As Congress has less than a year to decide the fate of the hemp beverage industry, there is a lot of buzz about how it will be regulated. Will the alcohol three-tier regulatory system be imposed on it, or will hemp beverages enjoy a freer market than its alcohol compatriot.? WSWA is gearing up its lobbying apparatus to propagandize its role in maintaining the health and safety aspect of an intoxicating product. Many in the hemp community unwittingly welcome a three-tier system as a way of legitimizing hemp products, and there are those in the alcohol field that want hemp to play in the same sandbox as them, so hemp does not gain an advantage.
Presently, hemp infused products have a free market with very few restrictions, there are some wholesaler control states like Tennessee that mandates a three-tier system for hemp but that is an outlier versus the norm. Hemp products can ship dtc without limits and there is no mandatory wholesaler requirement for a supplier to sell to a retailer. Problematically, there are no age restrictions, which allows the unscrupulous merchant to sell to minors.
The goal for some is for hemp to come under the auspices of a three-tier system and become regulated like alcohol. For some in the alcohol field, hemp should live by the same rules and incur the same expenses. This goes under the misery loves company theory.
But making another one miserable should not be the goal of the alcohol industry. The goal of the industry should shift to what the hemp beverage system shows us.
The wholesaler tier makes the claims that they play an important part in controlling an intoxicating product and helping to maintain the health and safety of society and promoting temperance by keeping prices high. These arguments are really more theoretical than empirical, but greasing palms has a way of making a bad to mediocre argument become gospel.
Several years of deregulated hemp products have gone by and the sky has not fallen in. Unlike wine there are no limits to dtc shipping and many products were delivered safety and soundly directly to a retailer without the control of a wholesaler.
The main safety concern for hemp infused products, no age restrictions, can be cured by passing an over 21 years old consumption law and imposing it on retailers. The wholesaler tier plays absolutely no role in reducing under age consumption, as it to does not age verify anyone at a retailer location.

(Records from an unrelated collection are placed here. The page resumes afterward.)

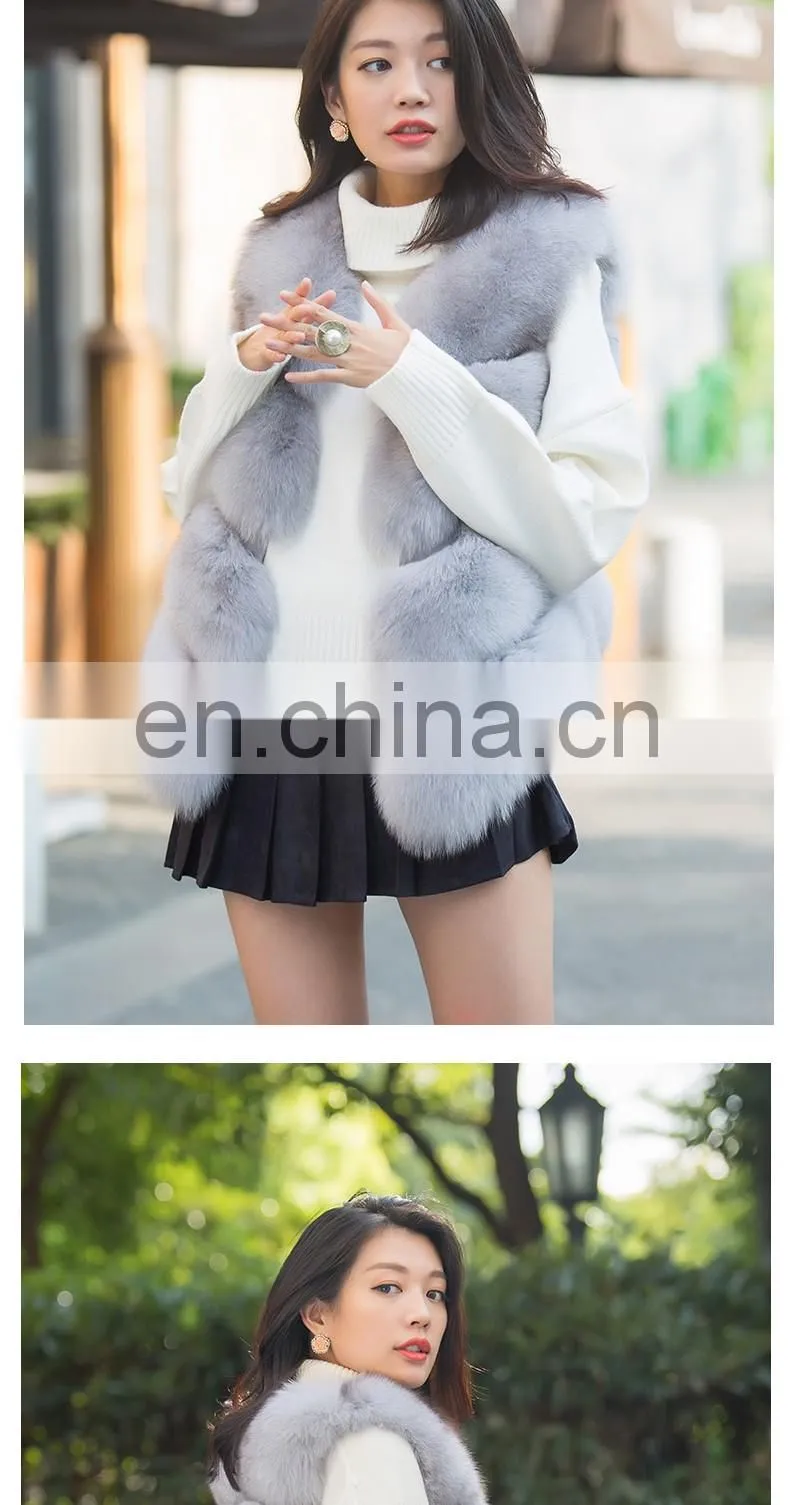 Women's 100% Real Genuine Fox Fur Sleeveless Vest Waistcoat Fur Gilet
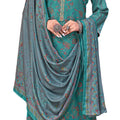 DRAVINAM Trends Women's Winter Wear Unstitched Discharge Print Hand Work Neck Embroidered Woollen Viscose Pashmina Salwar Suit Dress Material with Pashmina Printed Shawl Dupatta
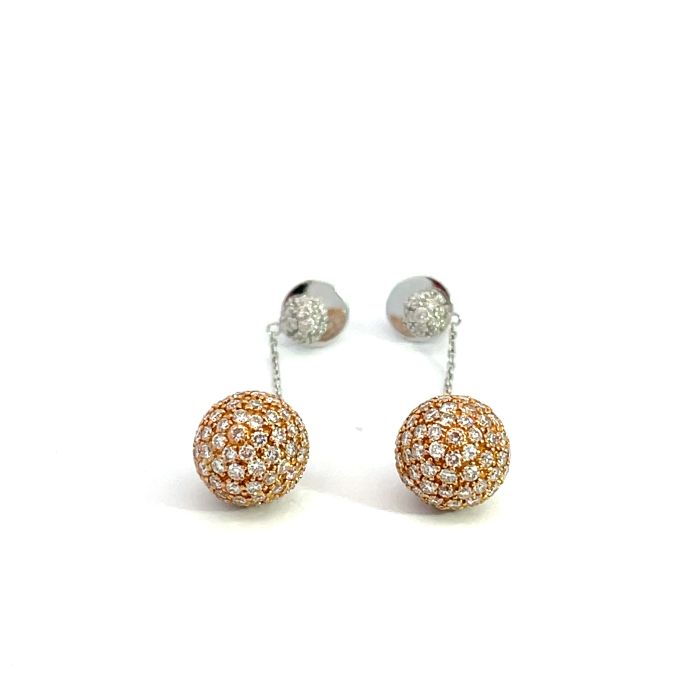 18K Two-Tone Diamond Earrings with 2.85ctw 18K Two-Tone Diamond Earrings with 2.85ctw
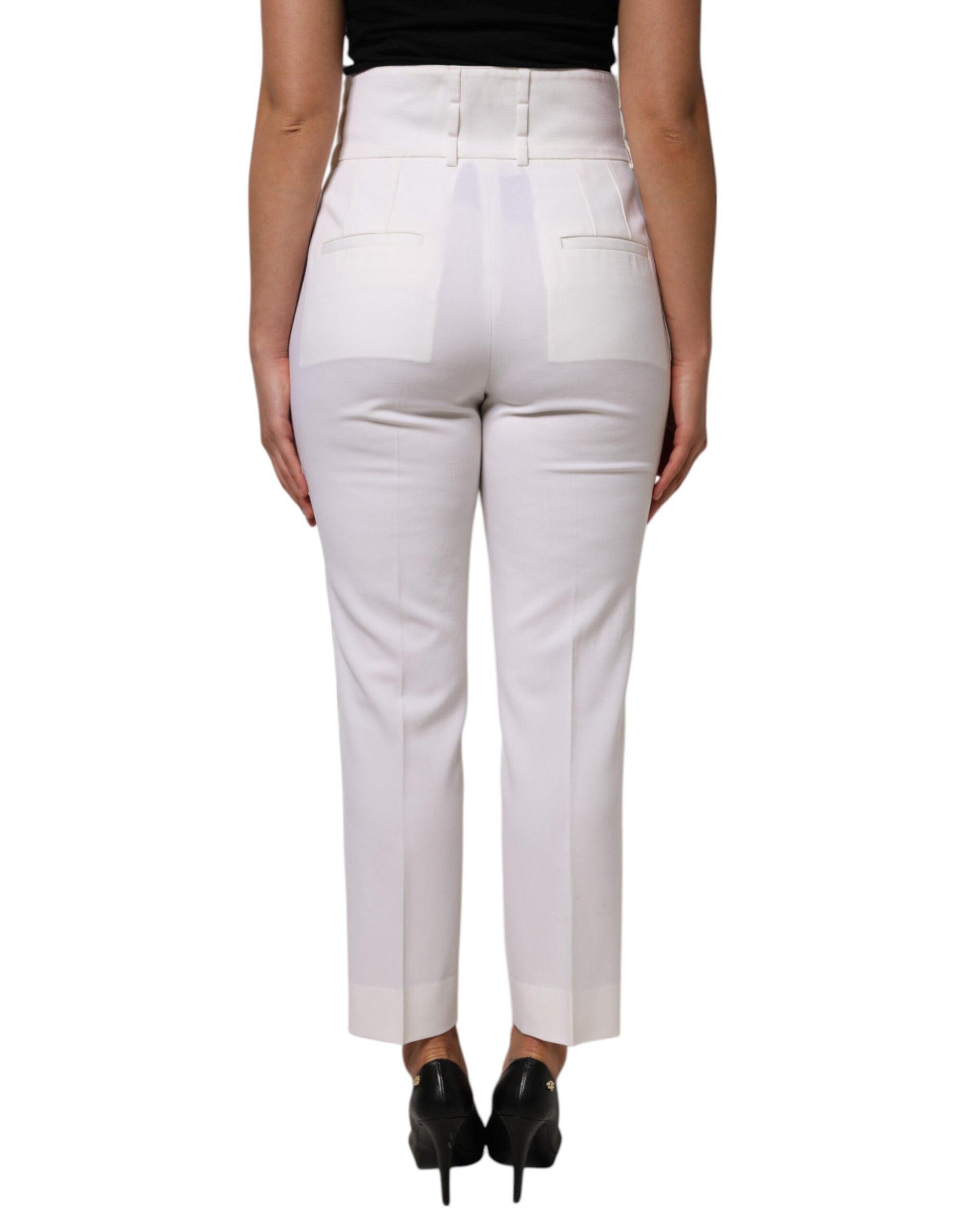 Dolce & Gabbana White Wool High Waist Tapered Pants by Dolce & Gabbana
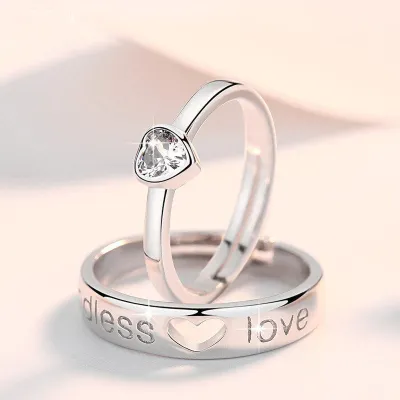  Zircon Heart Matching Couple Finger Rings (2pc)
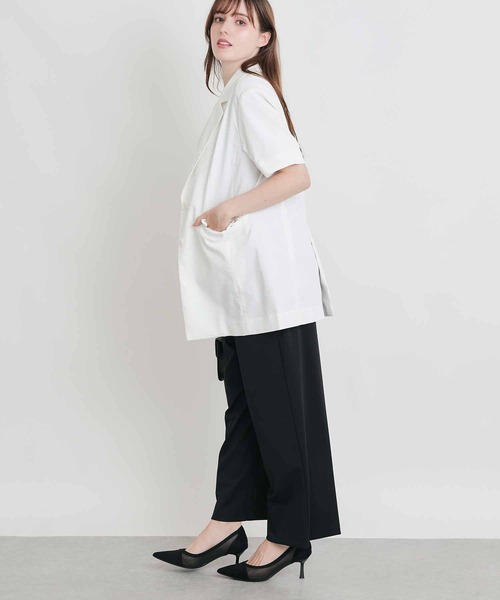 PICCIN(ピッチン)の「麻混半袖ジャケット(テーラードジャケット・レディース・オフホワイト/ブラック・M)」の9枚目の写真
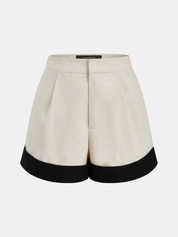 Contrast Trim Cotton Linen Top & Shorts Set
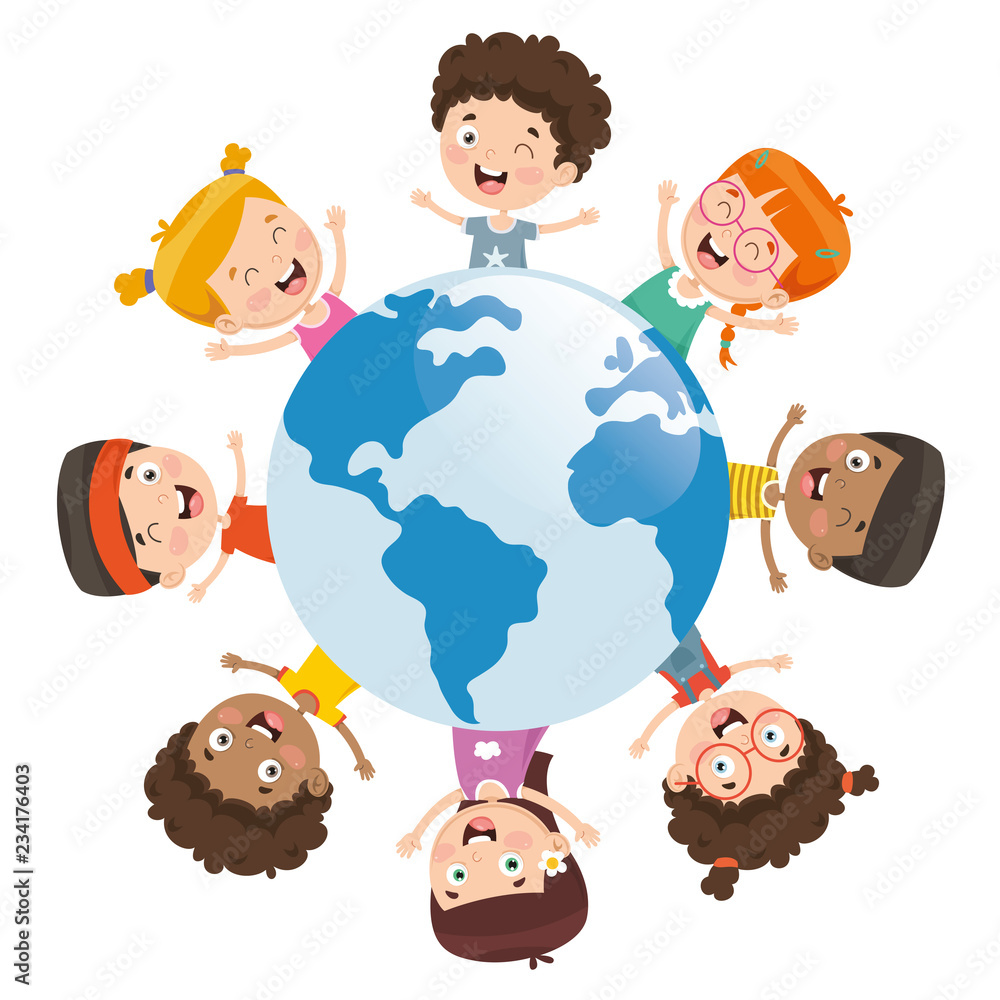 Vector Illustration Of Kids Playing Around The World Stock Vector ...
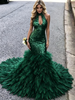 Green Mermaid Sequins Halter Prom Dress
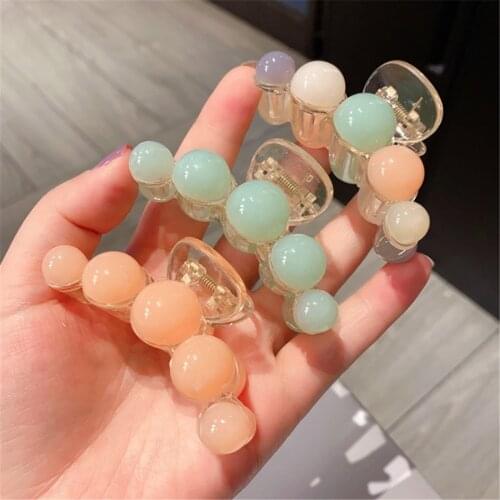 Sweet Candy Color Hair Claws Acrylic Clamps Crab Clips Women Girls Ponytail Holder Hairpins Headwear Makeup Styling Accessoires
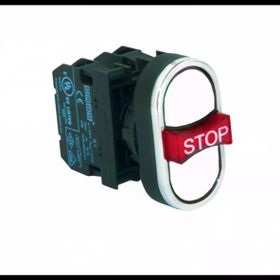 Emas B121B30YY 1NA 1NK 1NA Çıkık Stop Yeşil-Yeşil Üçüz Buton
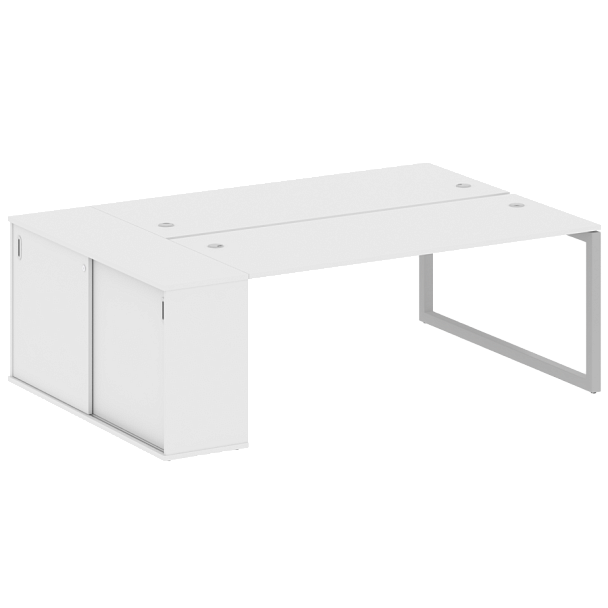 Metal System Quattro Р. ст. с шкафом-купе на О-образном м/к 50БО.РС-СШК-1.5 Т Белый/Серый металл 2210*1475*750 - Вид 1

Instead of allowing a free market to run, some in the liquor industry want hemp put into the same chains as them. This view is short sighted and harmful to the industry.
Allowing hemp infused beverages to operate in a free market without societal problems would provide empirical evidence that the three-tier system is not a necessity for a well-regulated market. By calling for hemp beverages to become part of the three-tier system, the liquor industry only enables a stronger and more powerful middle tier.
The puzzling position also hurts alcohol producers down the line. We hear how wholesaler contraction is hurting small producers and there is a bottleneck where there are not enough wholesalers to service the growing producer portfolio.
Well what do you think will happen if hemp infused products are forced en masse into the middle tier. There will be more products and a new fashionable line of products for small liquor producers to compete with. It will only lead to a reduction of alcohol suppliers down the road.
In concluding, alcohol producers live with the three-tier system as a relic from times past, but spreading their misery to other fields will only deepen their abyss. The proper way out is to allow markets around it to go free and maybe one day it will lead to their liberation.